NaN will not be included in sklearn for now. The use of
Imputer by the user is needed and we will let the user manually
manage this case. We can reopen if sklearn go toward another
proposal.

I would argue to reopen this case, as I was also bitten by it.

Let's take an example: I have a mix of categorical and numerical values. Thus, I would like to use SMOTE-NC, as I would like to generate new interpolated values rather than just picking randomly already existing items. Apart from the fact that using Imputer would be quite impractical as I will have to manage different cases depending on the type, the more serious issue is that interpolating algorithms such as SMOTE-NC will interpolate the floats based on the values that are set.

Thus, if I set a placeholder value for floats, say -99999, then this WILL get used for the interpolation, which I don't want! A more correct approach would be to calculate SMOTE interpolation on only the non-nan values, and weight depending on the number of occurrences of nan a probability that nan is chosen instead of a non-nan interpolated value.
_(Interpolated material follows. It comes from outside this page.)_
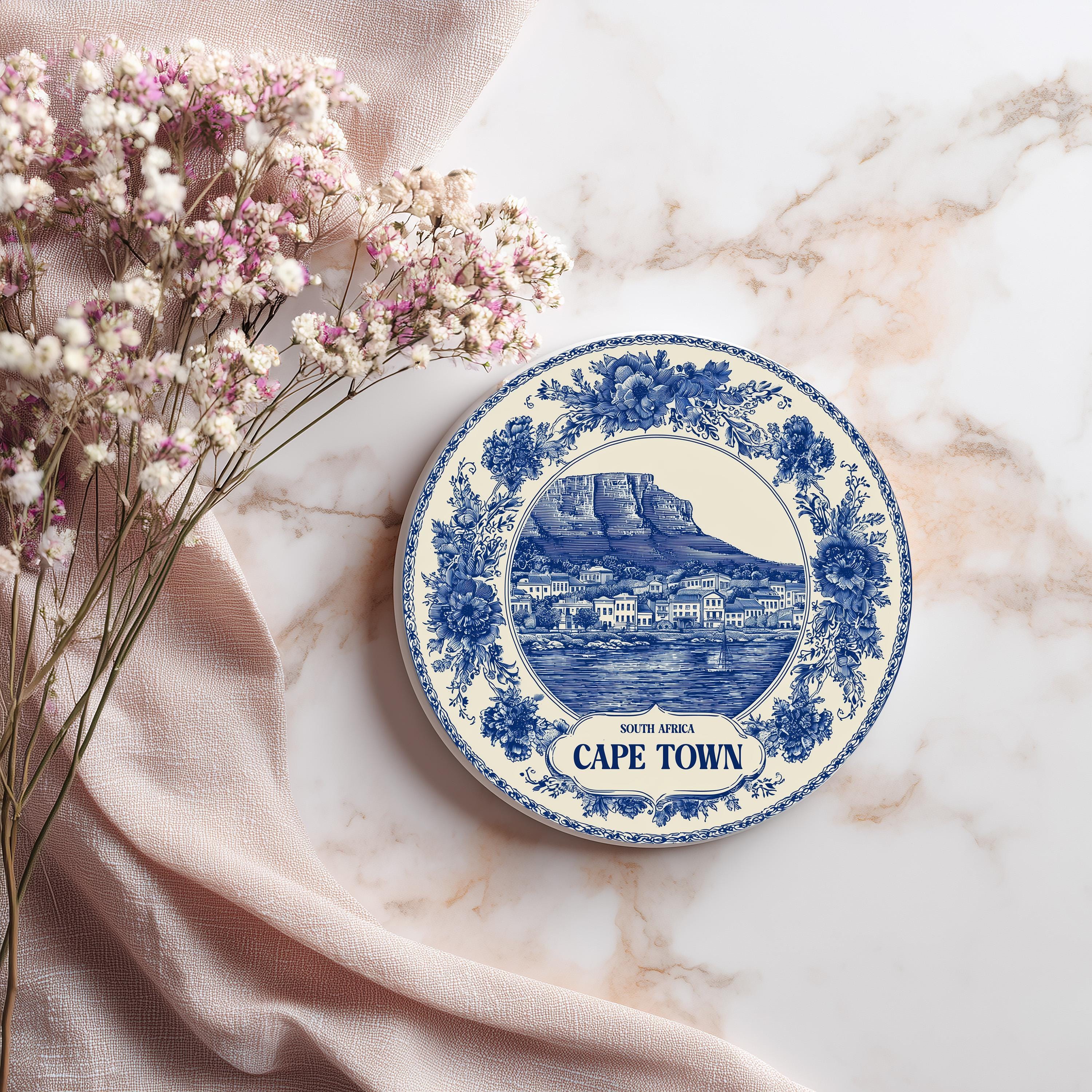 Cape Town South Africa Delftware Ceramic Coaster, Blue White Travel Gift, Vintage Home Decor Collectible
Furthermore, I would argue that it should be possible to add specific keywords to the library without breaking compatibility with sklearn, if not in fit/transform, it can be in the model initialization call, there is more liberty there I think, like how the sampling_strategy argument is used, or am I wrong?

Lastly, I'd like to mention that sklearn has been delaying for years a proper support of categorical (unordered) variables, not to mention missing values, so waiting for them might not be the greatest idea.